Wednesday, September 15, 2010

Neighbors are useful

It's been a while since I worked an actual problem on here, so I thought I'd do one I've been itching to talk about for a few months now. It's the problem of classification when given training examples and a similarity function.

Our problem is that we have a set of classes we would like to assign to items we're given, a set of already-classified examples, and a similarity (or distance) function that can be used on any pair of items. When we are given new items with no labels, we want to be able to classify them based on similarity to our labeled examples, using this similarity function. We solve this same problem intuitively every day with varied results. For instance, we often assign different shapes to pre-defined classes (thin, thick, pointy, smooth, etc.) based on features like number of vertices, angles between edges, length of edges, etc.

What I often find myself doing when the class of an object is ambiguous is searching for a few already-classified objects that are the most similar to it. Since we can think of similarity in this case as distance, we can call these the "neighbors" of the object. If all of these neighbors belong to the same class, it's a pretty fair assumption that the new object should, too. If they don't, the most straightforward option is to go with the class to which the most neighbors belong. Essentially, I'm using the k-nearest neighbors algorithm when I do this. We can outline the procedure for finding the neighbors as:

def find_neighbors(k, training, new_item):
  #initialize the set of neighbors with 
  #  the first k training items
  neighbors = [(dist(x, new_item), x) for x in training[:k]]
  #sort based on distance
  neighbors = sorted(neighbors)
  max_neighbor_dist = neighbors[k-1][0]
  for item in training[k:]:
    d = dist(item, new_item)
    if d < max_neighbor_dist:
      #push the last neighbor out and re-sort
      neighbors[k-1] = (d, item)
      neighbors = sorted(neighbors)
  return neighbors

All we'd need now is to look at the classes of those neighbors returned and make our decision about the most likely class for this new item. But we might want to reconsider our definition of "most likely."

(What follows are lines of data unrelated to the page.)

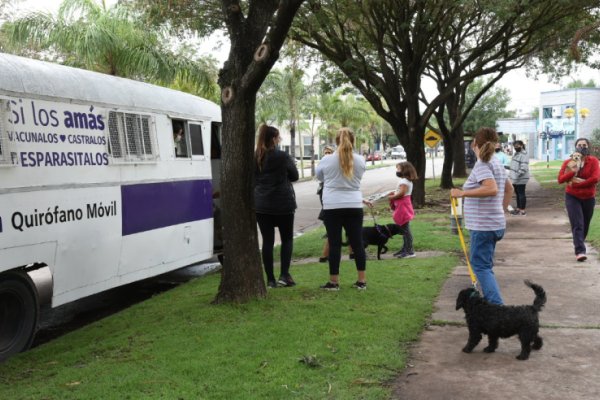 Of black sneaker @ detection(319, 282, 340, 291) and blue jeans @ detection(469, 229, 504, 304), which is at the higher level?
blue jeans @ detection(469, 229, 504, 304)

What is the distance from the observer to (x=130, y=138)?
733 cm

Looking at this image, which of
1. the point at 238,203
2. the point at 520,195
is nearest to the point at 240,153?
the point at 238,203

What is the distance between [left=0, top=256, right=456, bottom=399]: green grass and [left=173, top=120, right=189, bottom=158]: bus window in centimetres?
213

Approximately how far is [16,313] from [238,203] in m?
2.31

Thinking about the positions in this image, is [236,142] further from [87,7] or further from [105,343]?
[87,7]

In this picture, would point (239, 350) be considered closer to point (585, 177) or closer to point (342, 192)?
point (342, 192)

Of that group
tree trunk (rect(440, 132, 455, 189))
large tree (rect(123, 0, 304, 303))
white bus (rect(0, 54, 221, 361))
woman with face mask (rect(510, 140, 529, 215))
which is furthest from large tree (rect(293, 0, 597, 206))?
large tree (rect(123, 0, 304, 303))

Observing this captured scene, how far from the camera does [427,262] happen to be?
30.3 feet

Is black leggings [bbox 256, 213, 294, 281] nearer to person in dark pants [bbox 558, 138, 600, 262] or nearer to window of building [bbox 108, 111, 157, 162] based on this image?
window of building [bbox 108, 111, 157, 162]

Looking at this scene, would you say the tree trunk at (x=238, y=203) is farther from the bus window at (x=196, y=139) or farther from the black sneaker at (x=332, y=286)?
the bus window at (x=196, y=139)

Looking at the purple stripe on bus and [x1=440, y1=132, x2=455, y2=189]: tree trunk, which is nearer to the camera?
the purple stripe on bus

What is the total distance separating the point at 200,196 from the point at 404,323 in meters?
4.19

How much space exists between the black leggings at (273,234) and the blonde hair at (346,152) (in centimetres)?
98

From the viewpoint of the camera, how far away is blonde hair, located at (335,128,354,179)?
6631mm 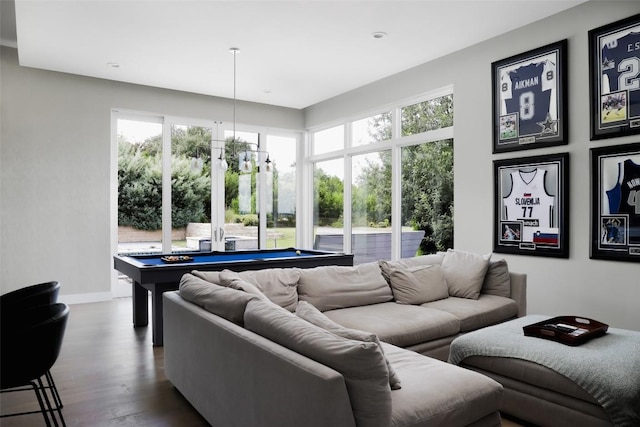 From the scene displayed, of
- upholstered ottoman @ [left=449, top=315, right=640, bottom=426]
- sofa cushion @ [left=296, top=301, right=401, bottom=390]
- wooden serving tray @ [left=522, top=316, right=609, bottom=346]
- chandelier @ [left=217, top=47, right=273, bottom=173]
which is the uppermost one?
chandelier @ [left=217, top=47, right=273, bottom=173]

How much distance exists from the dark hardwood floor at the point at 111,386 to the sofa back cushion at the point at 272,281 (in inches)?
32.1

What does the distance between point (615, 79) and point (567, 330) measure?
7.83 feet

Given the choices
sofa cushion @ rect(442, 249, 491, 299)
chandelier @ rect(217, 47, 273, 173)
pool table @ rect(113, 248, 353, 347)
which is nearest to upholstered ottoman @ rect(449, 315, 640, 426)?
sofa cushion @ rect(442, 249, 491, 299)

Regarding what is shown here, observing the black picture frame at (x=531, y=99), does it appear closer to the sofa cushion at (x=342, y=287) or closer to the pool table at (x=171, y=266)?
the sofa cushion at (x=342, y=287)

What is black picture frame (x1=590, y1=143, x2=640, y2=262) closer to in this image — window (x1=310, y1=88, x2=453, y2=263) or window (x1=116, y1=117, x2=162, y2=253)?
window (x1=310, y1=88, x2=453, y2=263)

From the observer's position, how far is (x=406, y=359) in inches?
88.3

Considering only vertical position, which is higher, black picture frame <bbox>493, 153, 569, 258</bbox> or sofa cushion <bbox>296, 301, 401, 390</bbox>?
black picture frame <bbox>493, 153, 569, 258</bbox>

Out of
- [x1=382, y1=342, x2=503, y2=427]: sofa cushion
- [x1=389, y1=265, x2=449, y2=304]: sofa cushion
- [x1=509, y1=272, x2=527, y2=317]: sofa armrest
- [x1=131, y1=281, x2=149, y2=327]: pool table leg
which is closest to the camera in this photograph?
[x1=382, y1=342, x2=503, y2=427]: sofa cushion

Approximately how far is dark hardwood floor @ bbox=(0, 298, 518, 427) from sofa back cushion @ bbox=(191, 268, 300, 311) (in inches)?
32.2

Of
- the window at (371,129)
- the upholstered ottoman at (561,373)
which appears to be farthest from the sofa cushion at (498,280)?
the window at (371,129)

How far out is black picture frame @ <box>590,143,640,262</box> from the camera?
11.8 ft

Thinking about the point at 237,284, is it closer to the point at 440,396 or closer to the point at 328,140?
the point at 440,396

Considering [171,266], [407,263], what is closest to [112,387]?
[171,266]

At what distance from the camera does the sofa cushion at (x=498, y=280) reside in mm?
3947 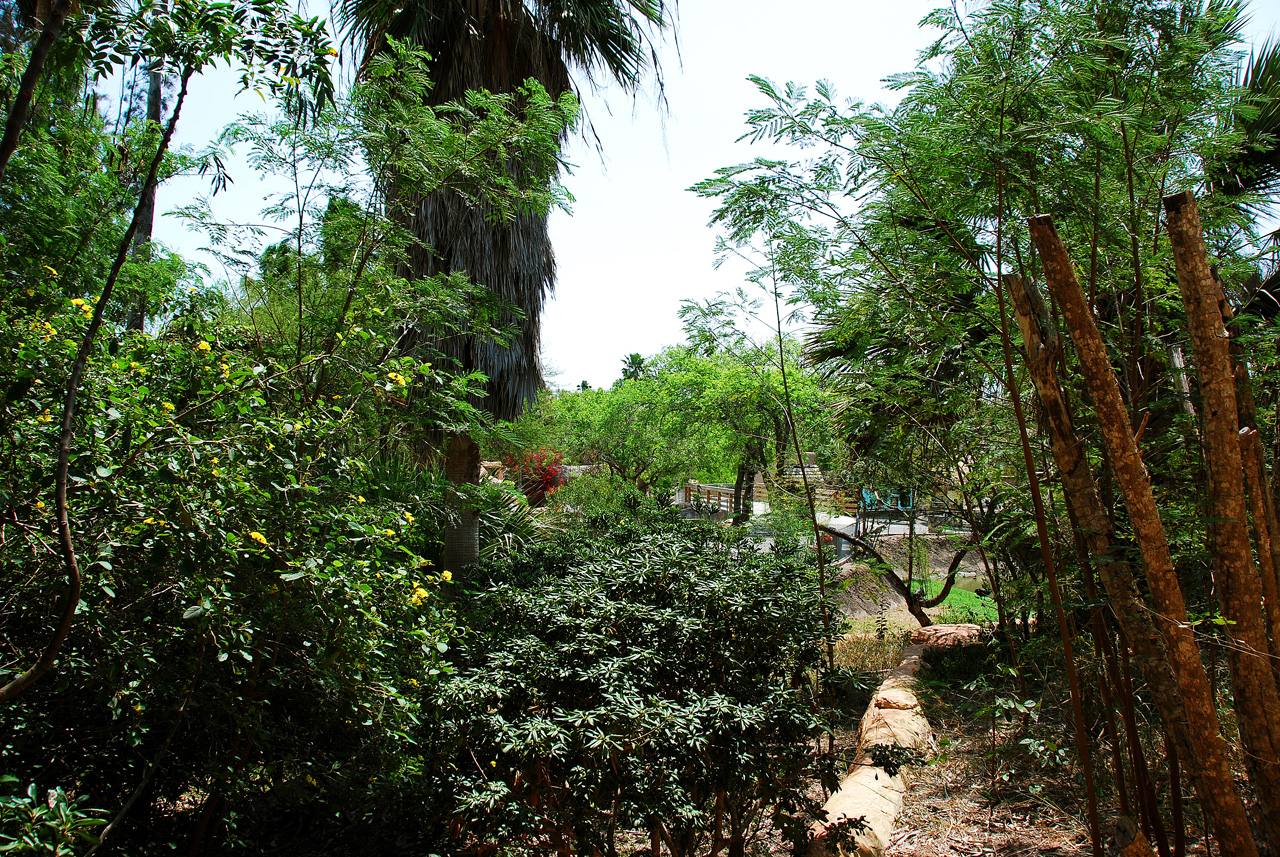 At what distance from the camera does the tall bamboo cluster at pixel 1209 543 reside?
202 centimetres

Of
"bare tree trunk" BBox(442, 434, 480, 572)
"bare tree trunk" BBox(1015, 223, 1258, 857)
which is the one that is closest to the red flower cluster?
"bare tree trunk" BBox(442, 434, 480, 572)

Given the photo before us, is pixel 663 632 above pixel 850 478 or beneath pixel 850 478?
beneath

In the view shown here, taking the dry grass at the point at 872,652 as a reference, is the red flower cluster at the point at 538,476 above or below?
above

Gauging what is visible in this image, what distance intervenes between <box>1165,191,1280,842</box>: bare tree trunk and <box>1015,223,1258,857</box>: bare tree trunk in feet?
0.57

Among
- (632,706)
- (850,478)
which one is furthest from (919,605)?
(632,706)

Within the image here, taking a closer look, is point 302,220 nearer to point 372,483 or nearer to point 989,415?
point 372,483

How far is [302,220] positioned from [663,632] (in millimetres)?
2931

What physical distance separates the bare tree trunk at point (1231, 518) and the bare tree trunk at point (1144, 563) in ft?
0.57

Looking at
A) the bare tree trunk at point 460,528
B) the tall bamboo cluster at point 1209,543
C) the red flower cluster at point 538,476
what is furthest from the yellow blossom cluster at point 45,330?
the red flower cluster at point 538,476

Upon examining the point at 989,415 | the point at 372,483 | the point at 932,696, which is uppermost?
the point at 989,415

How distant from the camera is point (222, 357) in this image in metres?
2.32

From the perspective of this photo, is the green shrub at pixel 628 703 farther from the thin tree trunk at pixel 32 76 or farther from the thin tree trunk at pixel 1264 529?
the thin tree trunk at pixel 32 76

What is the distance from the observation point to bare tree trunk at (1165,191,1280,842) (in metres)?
2.08

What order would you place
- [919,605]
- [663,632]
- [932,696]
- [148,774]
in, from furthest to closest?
1. [919,605]
2. [932,696]
3. [663,632]
4. [148,774] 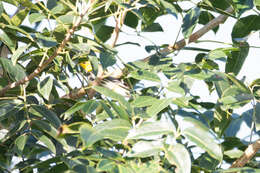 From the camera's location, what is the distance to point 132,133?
0.47 meters

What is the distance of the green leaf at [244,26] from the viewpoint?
0.80m

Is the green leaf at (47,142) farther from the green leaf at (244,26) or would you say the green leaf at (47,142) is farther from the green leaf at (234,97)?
the green leaf at (244,26)

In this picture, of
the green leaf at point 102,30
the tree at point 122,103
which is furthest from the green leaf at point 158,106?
the green leaf at point 102,30

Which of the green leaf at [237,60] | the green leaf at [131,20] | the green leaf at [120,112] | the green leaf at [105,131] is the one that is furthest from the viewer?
the green leaf at [131,20]

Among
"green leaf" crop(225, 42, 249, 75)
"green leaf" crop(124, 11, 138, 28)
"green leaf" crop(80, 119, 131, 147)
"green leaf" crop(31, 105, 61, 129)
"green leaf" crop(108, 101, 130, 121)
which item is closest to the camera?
"green leaf" crop(80, 119, 131, 147)

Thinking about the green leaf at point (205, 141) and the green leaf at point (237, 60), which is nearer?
the green leaf at point (205, 141)

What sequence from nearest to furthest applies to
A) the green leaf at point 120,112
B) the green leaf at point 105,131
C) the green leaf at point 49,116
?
→ the green leaf at point 105,131, the green leaf at point 120,112, the green leaf at point 49,116

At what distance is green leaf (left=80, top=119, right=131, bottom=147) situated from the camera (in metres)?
0.43

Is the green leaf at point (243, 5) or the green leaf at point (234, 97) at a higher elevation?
the green leaf at point (243, 5)

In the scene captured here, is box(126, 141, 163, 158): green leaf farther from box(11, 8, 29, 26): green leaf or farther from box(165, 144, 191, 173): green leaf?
box(11, 8, 29, 26): green leaf

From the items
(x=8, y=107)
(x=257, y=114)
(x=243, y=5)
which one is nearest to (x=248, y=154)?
(x=257, y=114)

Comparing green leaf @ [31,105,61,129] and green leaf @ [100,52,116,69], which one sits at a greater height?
green leaf @ [100,52,116,69]

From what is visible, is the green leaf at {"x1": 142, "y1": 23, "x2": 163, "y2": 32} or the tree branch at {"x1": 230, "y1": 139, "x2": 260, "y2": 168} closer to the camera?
the tree branch at {"x1": 230, "y1": 139, "x2": 260, "y2": 168}

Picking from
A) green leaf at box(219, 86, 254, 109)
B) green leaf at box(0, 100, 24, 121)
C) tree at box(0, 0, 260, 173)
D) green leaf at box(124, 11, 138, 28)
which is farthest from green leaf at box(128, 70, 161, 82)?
green leaf at box(124, 11, 138, 28) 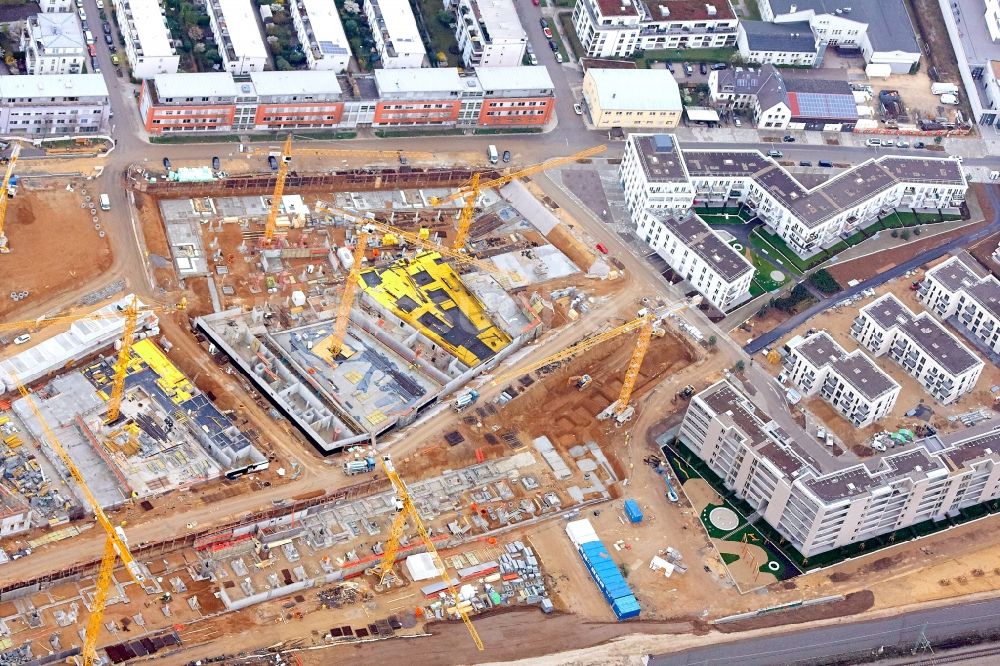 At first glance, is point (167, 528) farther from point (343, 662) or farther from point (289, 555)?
point (343, 662)

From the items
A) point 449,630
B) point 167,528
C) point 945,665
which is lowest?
point 945,665

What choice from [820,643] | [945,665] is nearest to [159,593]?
[820,643]

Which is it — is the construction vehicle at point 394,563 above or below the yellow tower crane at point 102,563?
below

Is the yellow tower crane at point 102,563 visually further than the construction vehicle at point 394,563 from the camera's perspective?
No

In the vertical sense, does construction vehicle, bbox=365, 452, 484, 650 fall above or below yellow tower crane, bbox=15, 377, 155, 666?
below

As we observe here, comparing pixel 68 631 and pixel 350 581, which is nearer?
pixel 68 631

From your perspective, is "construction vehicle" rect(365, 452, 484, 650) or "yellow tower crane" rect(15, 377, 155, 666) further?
"construction vehicle" rect(365, 452, 484, 650)

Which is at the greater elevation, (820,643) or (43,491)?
(43,491) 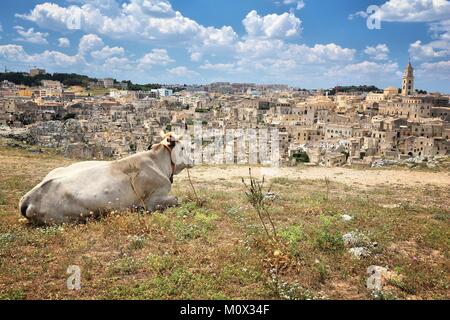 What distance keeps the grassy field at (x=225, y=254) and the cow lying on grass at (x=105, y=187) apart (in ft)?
1.08

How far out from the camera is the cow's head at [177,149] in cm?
1009

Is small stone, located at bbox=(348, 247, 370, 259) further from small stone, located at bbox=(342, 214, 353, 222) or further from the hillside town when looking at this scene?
the hillside town

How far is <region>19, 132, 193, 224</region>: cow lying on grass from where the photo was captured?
26.7 feet

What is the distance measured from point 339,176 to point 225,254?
508 inches

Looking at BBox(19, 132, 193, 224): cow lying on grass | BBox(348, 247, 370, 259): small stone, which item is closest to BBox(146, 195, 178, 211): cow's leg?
BBox(19, 132, 193, 224): cow lying on grass

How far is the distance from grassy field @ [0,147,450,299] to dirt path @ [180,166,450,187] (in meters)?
6.31

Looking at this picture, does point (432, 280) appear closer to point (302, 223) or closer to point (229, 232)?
point (302, 223)

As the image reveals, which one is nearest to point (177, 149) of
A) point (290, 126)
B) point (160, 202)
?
point (160, 202)

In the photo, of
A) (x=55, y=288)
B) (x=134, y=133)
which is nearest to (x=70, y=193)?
(x=55, y=288)

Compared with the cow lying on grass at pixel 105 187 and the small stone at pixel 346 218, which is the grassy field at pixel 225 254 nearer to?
the small stone at pixel 346 218

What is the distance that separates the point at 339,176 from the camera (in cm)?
1838

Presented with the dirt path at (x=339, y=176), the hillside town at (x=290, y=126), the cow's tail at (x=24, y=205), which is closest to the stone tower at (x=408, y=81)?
the hillside town at (x=290, y=126)

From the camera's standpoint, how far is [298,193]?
1313 centimetres

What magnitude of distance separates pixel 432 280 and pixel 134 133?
6573cm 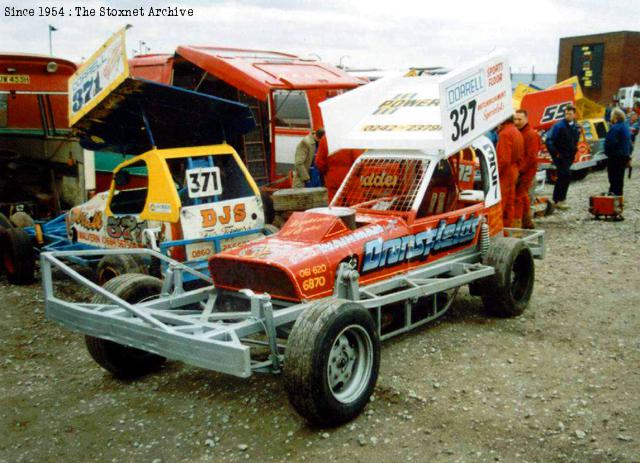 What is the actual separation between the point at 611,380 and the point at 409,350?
1676mm

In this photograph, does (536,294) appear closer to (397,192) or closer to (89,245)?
(397,192)

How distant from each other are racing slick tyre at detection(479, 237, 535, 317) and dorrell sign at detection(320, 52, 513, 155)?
115 cm

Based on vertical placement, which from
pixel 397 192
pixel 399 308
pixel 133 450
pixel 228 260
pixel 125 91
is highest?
pixel 125 91

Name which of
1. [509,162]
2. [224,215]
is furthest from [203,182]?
[509,162]

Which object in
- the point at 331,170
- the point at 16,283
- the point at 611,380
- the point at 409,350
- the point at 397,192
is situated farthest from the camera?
the point at 331,170

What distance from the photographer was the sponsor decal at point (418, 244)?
565 centimetres

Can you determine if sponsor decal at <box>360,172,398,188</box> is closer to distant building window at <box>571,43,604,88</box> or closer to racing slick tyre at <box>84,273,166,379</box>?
racing slick tyre at <box>84,273,166,379</box>

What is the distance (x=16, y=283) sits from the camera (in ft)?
28.5

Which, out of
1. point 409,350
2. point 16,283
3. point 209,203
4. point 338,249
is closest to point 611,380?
point 409,350

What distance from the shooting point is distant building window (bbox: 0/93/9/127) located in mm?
10688

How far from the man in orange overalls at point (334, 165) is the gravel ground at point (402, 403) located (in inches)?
128

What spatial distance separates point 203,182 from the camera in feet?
23.2

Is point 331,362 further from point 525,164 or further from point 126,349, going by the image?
point 525,164

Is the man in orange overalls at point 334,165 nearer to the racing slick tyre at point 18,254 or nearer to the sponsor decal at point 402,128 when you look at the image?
the sponsor decal at point 402,128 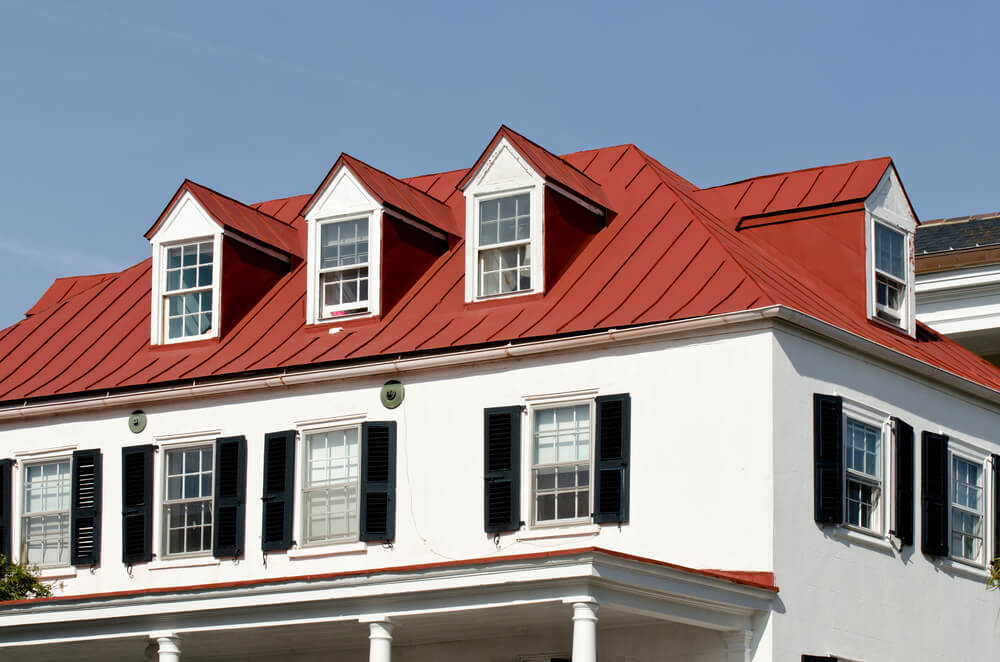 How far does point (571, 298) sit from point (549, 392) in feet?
5.10

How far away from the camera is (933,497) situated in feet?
77.2

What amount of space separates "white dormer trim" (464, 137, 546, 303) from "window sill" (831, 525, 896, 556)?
205 inches

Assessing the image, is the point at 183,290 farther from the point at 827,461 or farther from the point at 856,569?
the point at 856,569

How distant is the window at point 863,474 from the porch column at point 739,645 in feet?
7.80

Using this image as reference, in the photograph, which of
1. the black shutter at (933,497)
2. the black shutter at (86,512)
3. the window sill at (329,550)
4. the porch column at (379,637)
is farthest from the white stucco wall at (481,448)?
the black shutter at (933,497)

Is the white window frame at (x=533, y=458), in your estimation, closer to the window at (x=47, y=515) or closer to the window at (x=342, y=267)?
the window at (x=342, y=267)

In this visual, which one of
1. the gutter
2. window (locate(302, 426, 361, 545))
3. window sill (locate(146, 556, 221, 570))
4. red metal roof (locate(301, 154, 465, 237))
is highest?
red metal roof (locate(301, 154, 465, 237))

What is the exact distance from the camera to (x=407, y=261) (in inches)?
1003

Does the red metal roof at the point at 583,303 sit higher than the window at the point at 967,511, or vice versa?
the red metal roof at the point at 583,303

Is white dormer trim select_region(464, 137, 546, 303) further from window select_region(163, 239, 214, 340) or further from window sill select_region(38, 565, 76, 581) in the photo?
window sill select_region(38, 565, 76, 581)

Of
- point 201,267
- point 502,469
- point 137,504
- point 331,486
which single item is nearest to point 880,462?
point 502,469

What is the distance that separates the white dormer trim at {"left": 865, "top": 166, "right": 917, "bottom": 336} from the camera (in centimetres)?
2439

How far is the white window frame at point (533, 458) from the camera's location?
22.1 metres

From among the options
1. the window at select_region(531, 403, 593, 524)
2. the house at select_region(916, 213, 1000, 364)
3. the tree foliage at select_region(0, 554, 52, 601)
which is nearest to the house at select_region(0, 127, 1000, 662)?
the window at select_region(531, 403, 593, 524) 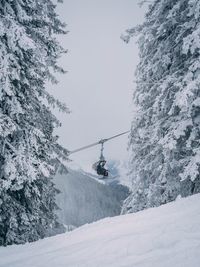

You may recall that I said that taking the majority class was straightforward, but I didn't say that it was the best. In fact, let's consider the case where we had 2 classes, RED and BLUE. Imagine our training set contains 200 items, 101 are labeled RED and 99 are labeled BLUE. We could increase k all the way to 200, our training set size. Seems like a smart idea, since we now don't even need to calculate which are the neighbors and we have more information when making our decision than we would with a lower k. However, this majority class scheme ignores a pretty big bit of information we have about the neighbors: the distance. Why should all neighbors get an equal impact on the classification of this new item? What if it is almost exactly the same as one item and extremely dissimilar from all others? What we really want to do is for that class count to be a weighted sum, based on distance from the new item. It's not totally trivial, since we have to decide on the way we'll weight them and how to normalize those weights to each other, but hopefully the idea makes sense. Now if we increase k to the size of our training set we will not always return the majority class, but rather make an informed decision by using the similarity of the new item to all of our examples.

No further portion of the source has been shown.